Peel potatoes and dice. Put in a 2-quart pan and cover with cold water. Bring to a boil, decrease heat to a simmer and cook until tender. Mash potatoes. Add half and half, butter, salt, and pepper and mash until smooth. Thoroughly whisk in yolks.

Preheat oven to 400 degrees. Add canola to a large skillet. Set on medium heat. Add onions and carrots. Stirring occasionally, sauté until onions become opaque, 3 minutes. Add garlic, lamb, salt and pepper stirring occasionally. When lamb is browned, 3-4 minutes, sprinkle flour, stir, and cook another minute. Add tomato paste, chicken broth, Worcestershire, rosemary, and stir. Simmer for 12-14 minutes until sauce begins to thicken. Add corn and peas. Spread evenly in a 9X9 baking dish, cover with mashed potatoes, using a spatula to make sure topping goes completely to the edges and is smooth. Place on a baking sheet on the center shelf of the oven until potatoes begin to brown, 25-30 minutes. Cool for 15-20 minutes. Enjoy.

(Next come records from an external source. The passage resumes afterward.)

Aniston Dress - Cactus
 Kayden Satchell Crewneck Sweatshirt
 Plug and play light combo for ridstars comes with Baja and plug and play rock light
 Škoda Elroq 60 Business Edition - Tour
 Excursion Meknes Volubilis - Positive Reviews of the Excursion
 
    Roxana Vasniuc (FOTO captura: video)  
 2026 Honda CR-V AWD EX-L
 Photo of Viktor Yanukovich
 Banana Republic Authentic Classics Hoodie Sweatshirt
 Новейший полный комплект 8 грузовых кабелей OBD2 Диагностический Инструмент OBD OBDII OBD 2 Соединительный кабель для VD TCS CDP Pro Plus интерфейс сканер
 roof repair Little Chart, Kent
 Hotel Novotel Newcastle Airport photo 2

(This recipe is a variation of an Alton Brown recipe. If you can‘t find lamb feel to use ground beef in its place.)

Irish Soda Bread

3 ½ cups flour
½ cup sugar
½ tsp baking soda
2 tsp baking powder
1 tsp salt
1 pint sour cream
2 eggs
2 Tbl caraway seeds (optional)
¾ cup golden raisins

Preheat oven to 350 degrees. Soak raisins for 30 minutes in warm water to plump. Mix all dry ingredients together in a large bowl. In a small bowl, beat eggs and stir in sour cream. Add to flour mixture and stir well wit a wooden spoon. It will get thick. Drain raisins and add with caraway (if using) and knead with until incorporated. Place batter in a greased 9-inch spring form pan. Sprinkle a little flour on top and pat the batter so it lies evenly in the pan. Use a knife to make a shallow crisscross on top. Bake for 50 minutes.

Guinness Cake

4 oz unsalted butter
10 oz dark brown sugar
2 large eggs, beaten
6 oz flour
1/4 tsp baking powder
1 tsp baking soda
7 fluid oz Guinness
2 oz cocoa powder

4 oz semi sweet chocolate
2 Tbl Guiness
2 oz butter
4 oz sifted icing sugar
1 oz finely chopped walnuts (optional)

Preheat oven to 350 degrees. Grease a 10-inch spring form pan. Cream butter and sugar together. Beat in eggs. In a separate bowl, sift in flour, baking powder and soda. In another bowl, stir Guinness into cocoa. Alternately fold half quantities of flour and cocoa into butter mixture. Spread mixture into pan and bake 30-35 minutes until a tooth inserted in center comes out clean. Let cool 10 minutes before opening pan. For icing, melt chocolate with Guinness, beat in butter, cool a little and then beat in icing sugar.

Remove 1/4 of the icing and stir in walnuts (if using) to the remainder. When icing is cooled to being spread able, coat top of cake with walnut mixture and coat sides with the 1/4 chocolate mixture.